======== INFORMATION

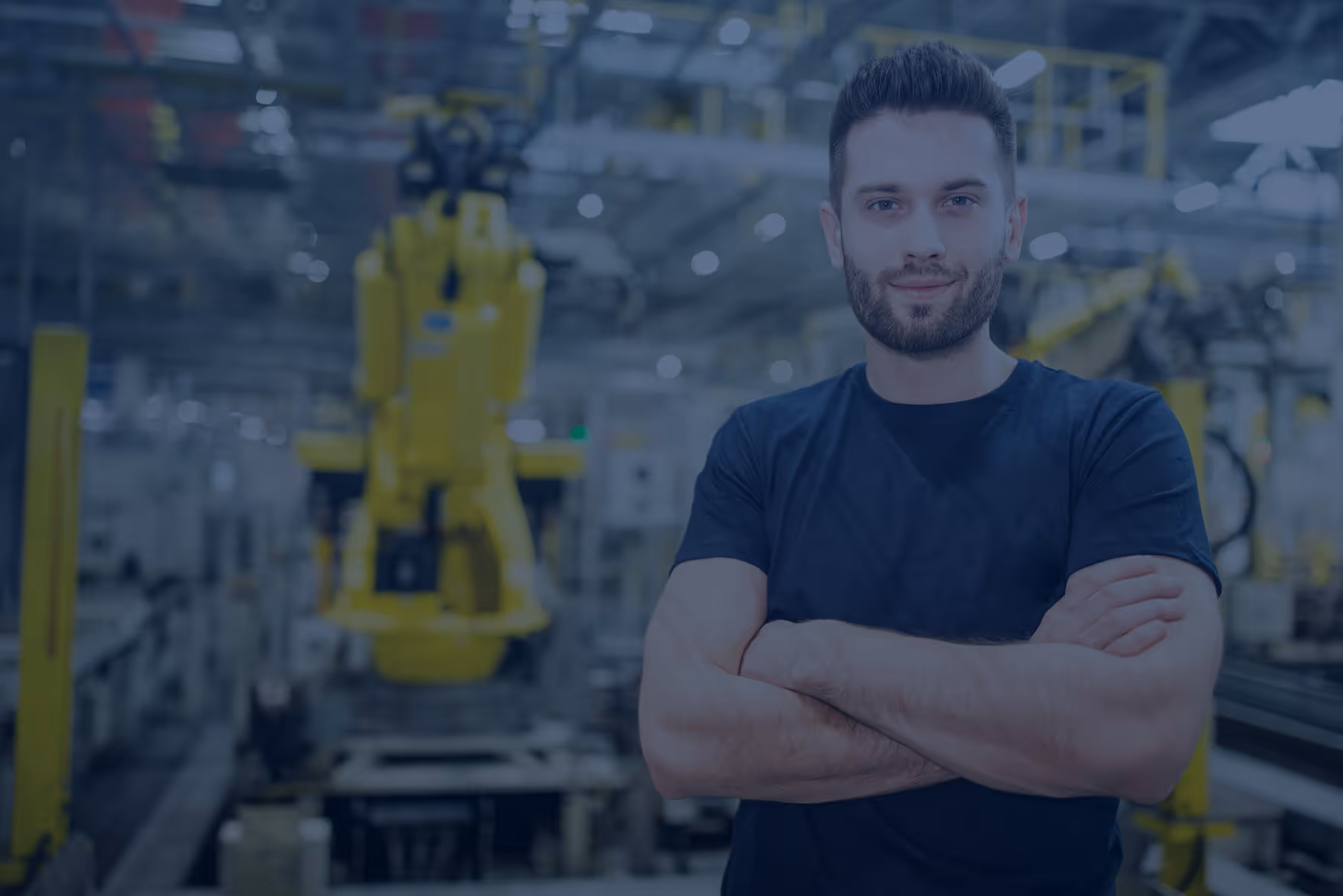 Confident man with folded arms standing in a modern factory with industrial machinery in the background.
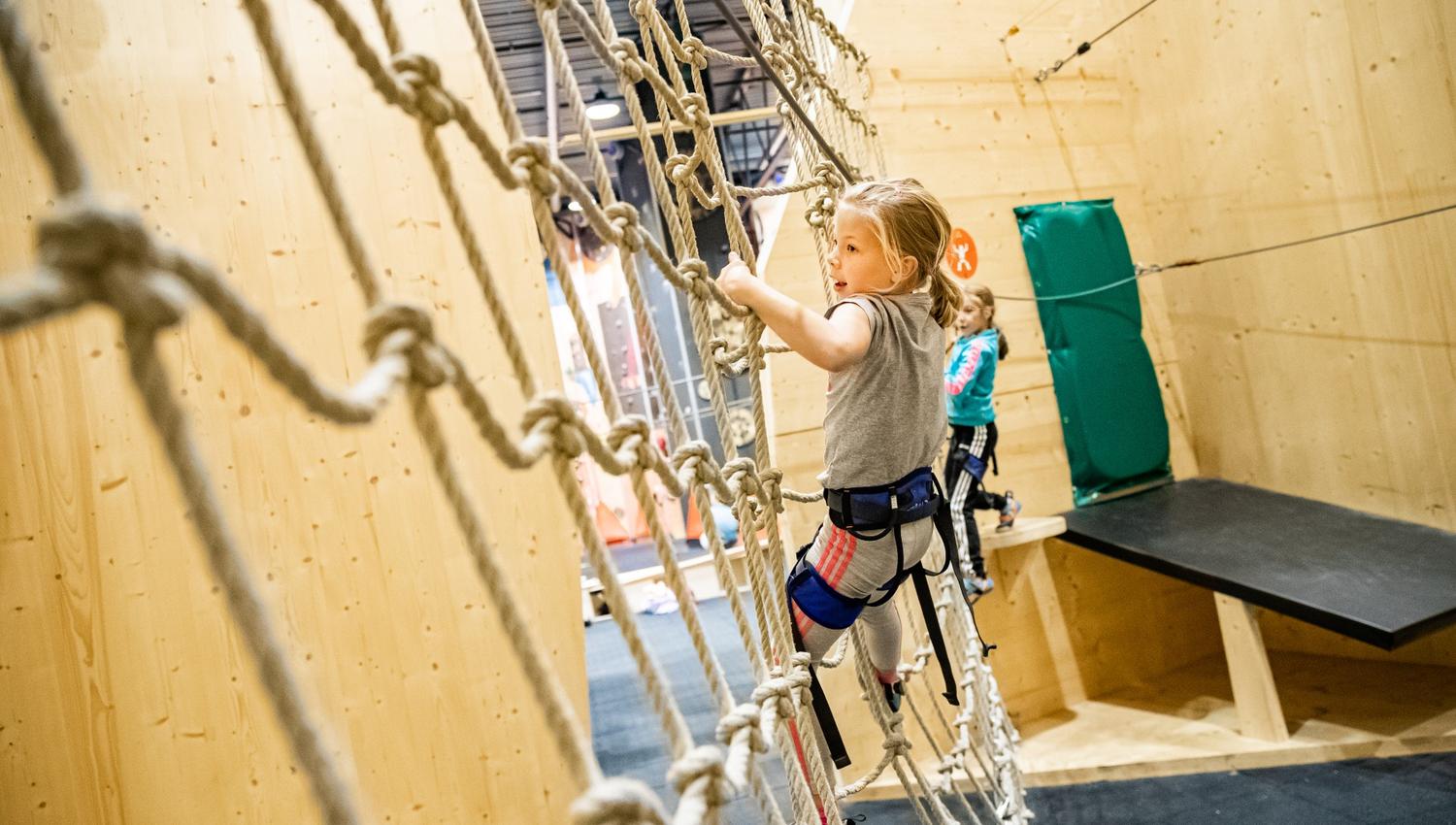 Children on a rope climbing course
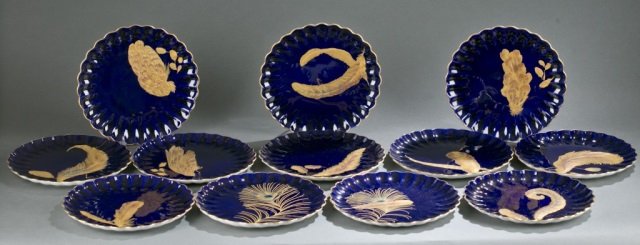 12 special ordered Spode feather plates.: A set of 12 Spode Copeland plates. c.1875-1890. Having a solid cobalt blue ground with ruffled rims edged in gold. Each plate having a unique off-centered pattern of raised and metallic exotic feather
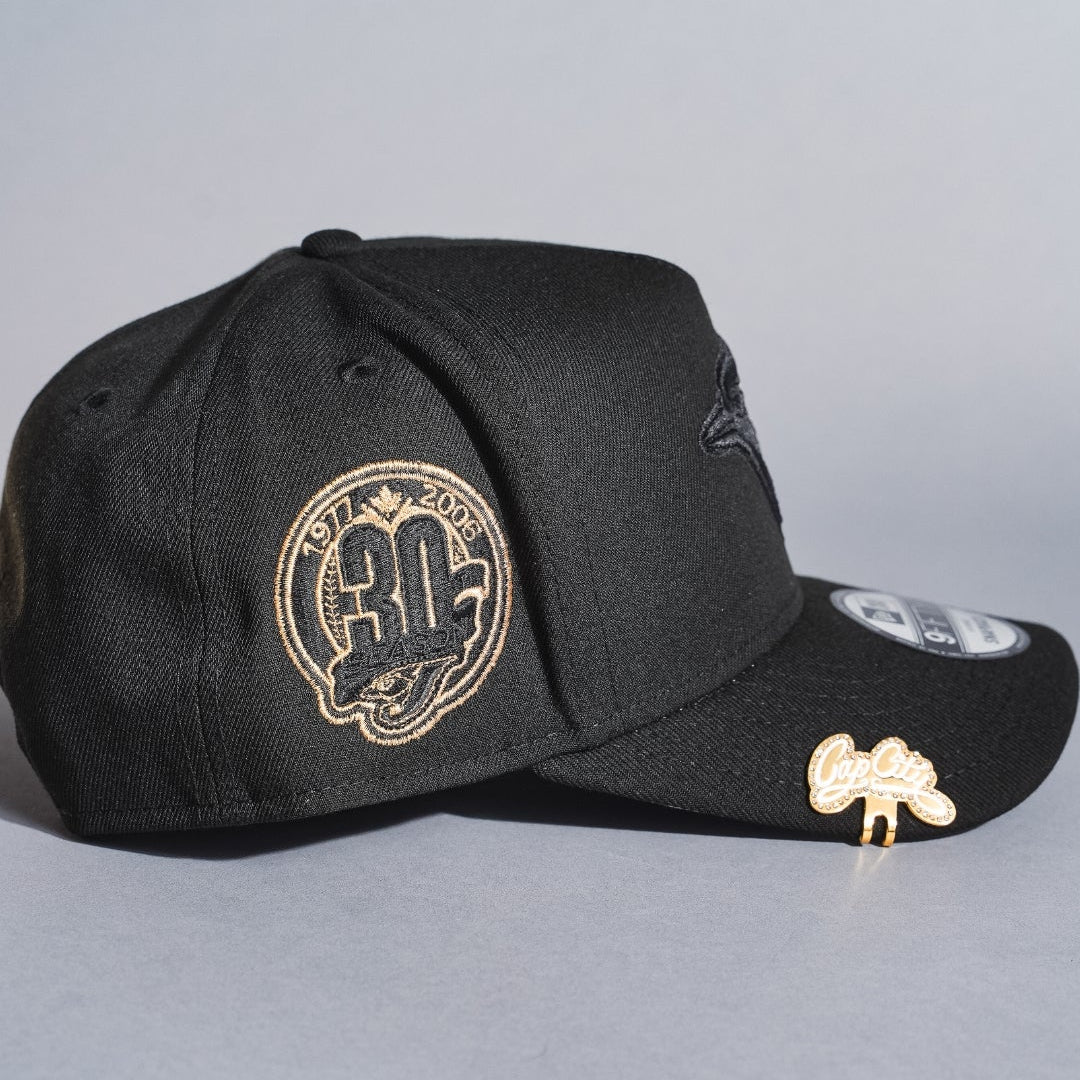 NEW ERA 9FIFTY A-FRAME BLACKED OUT TORONTO BLUE JAYS SNAPBACK W/ 30TH ANNIVERSARY SIDE PATCH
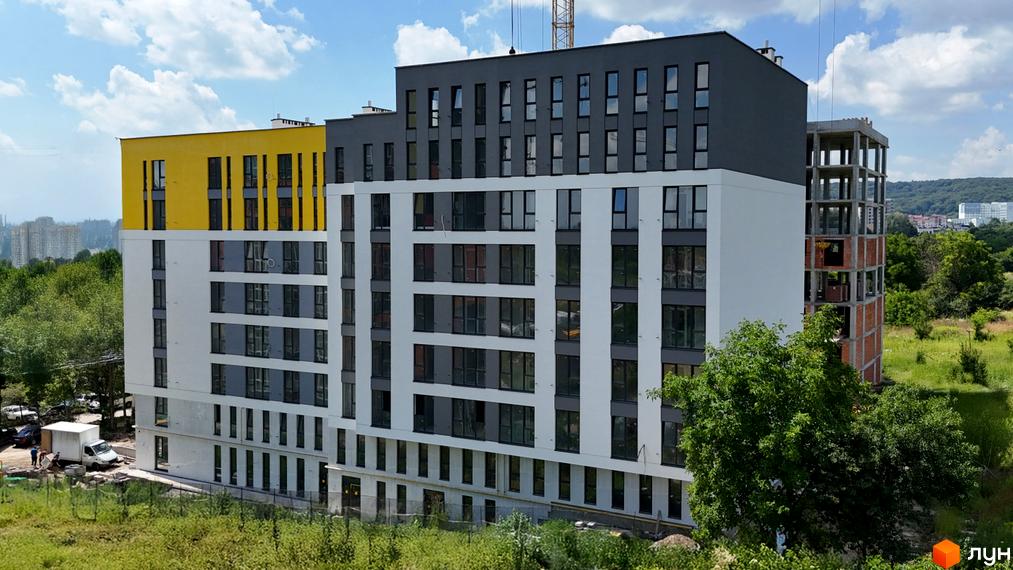 Зовнішній вигляд новобудови ЖК Весняний з жовтими та сірими фасадами, вікнами та прибудинковою територією.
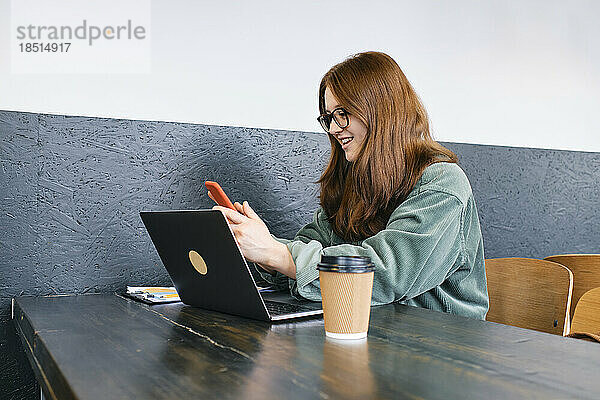 Lächelnder junger Freiberufler nutzt Smartphone im Café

================

WHAT IS EXPECTED:
Exact repetition of each line above is expected; images are to be omitted.

OUTPUT OF THE EXERCISE:
 Confident man with folded arms standing in a modern factory with industrial machinery in the background.
 Children on a rope climbing course
 12 special ordered Spode feather plates.: A set of 12 Spode Copeland plates. c.1875-1890. Having a solid cobalt blue ground with ruffled rims edged in gold. Each plate having a unique off-centered pattern of raised and metallic exotic feather
 NEW ERA 9FIFTY A-FRAME BLACKED OUT TORONTO BLUE JAYS SNAPBACK W/ 30TH ANNIVERSARY SIDE PATCH
 Зовнішній вигляд новобудови ЖК Весняний з жовтими та сірими фасадами, вікнами та прибудинковою територією.
 Lächelnder junger Freiberufler nutzt Smartphone im Café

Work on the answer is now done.